#### Data for this task ####

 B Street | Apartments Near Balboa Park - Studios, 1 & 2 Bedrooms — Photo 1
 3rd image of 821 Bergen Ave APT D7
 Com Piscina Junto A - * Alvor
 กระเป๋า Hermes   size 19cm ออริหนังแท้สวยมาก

####
#### Data for this task ####

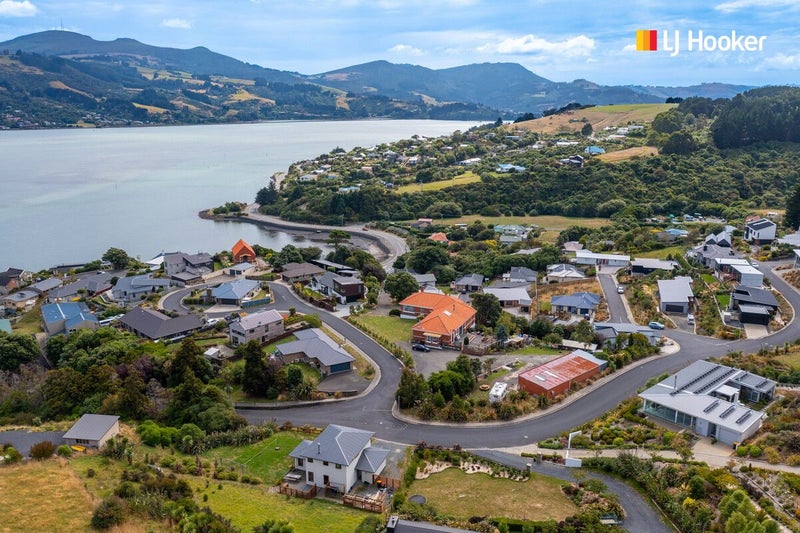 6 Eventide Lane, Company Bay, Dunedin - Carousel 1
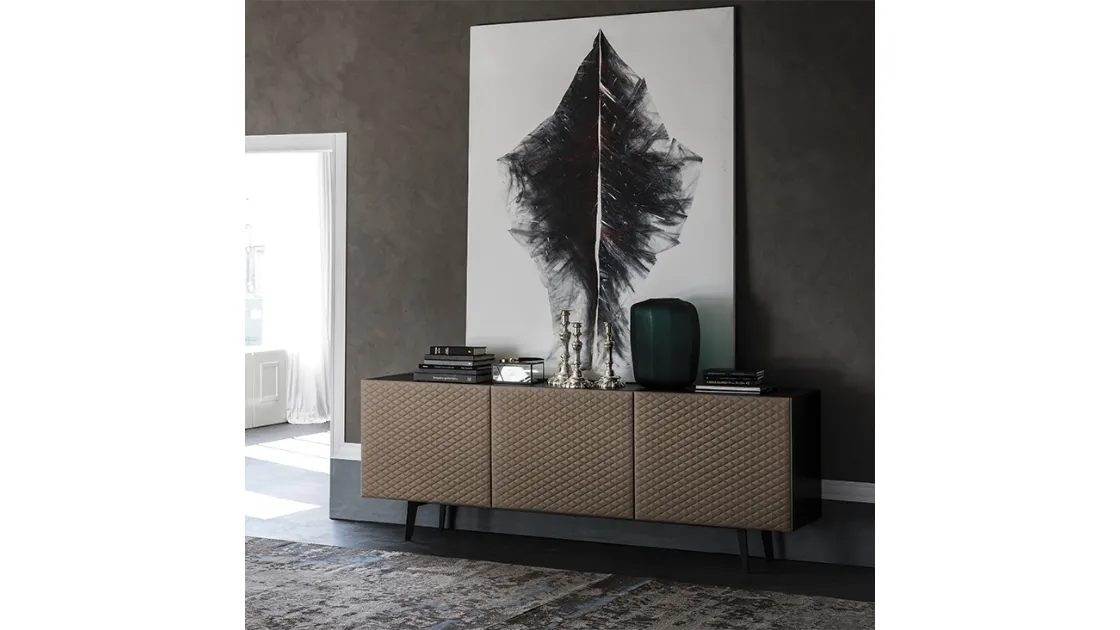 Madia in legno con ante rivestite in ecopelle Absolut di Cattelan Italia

####
#### Data for this task ####

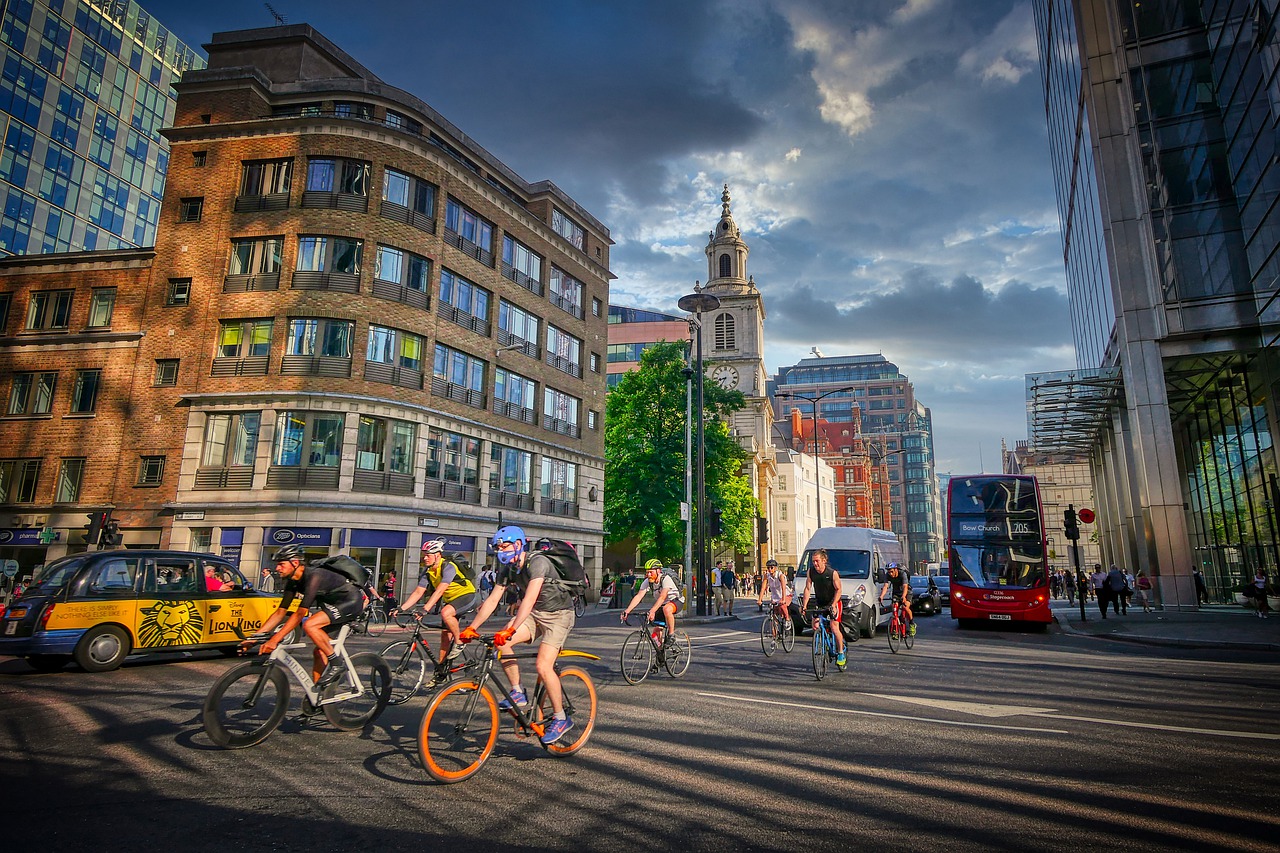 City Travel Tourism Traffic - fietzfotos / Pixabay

####

*What the task asks*
Retype, exactly and in full, the lines above from the one containing "Com Piscina Junto A - * Alvor" through the one containing "size 19cm ออริหนังแท้สวยมาก".

*Answer to this problem*
 Com Piscina Junto A - * Alvor
 กระเป๋า Hermes   size 19cm ออริหนังแท้สวยมาก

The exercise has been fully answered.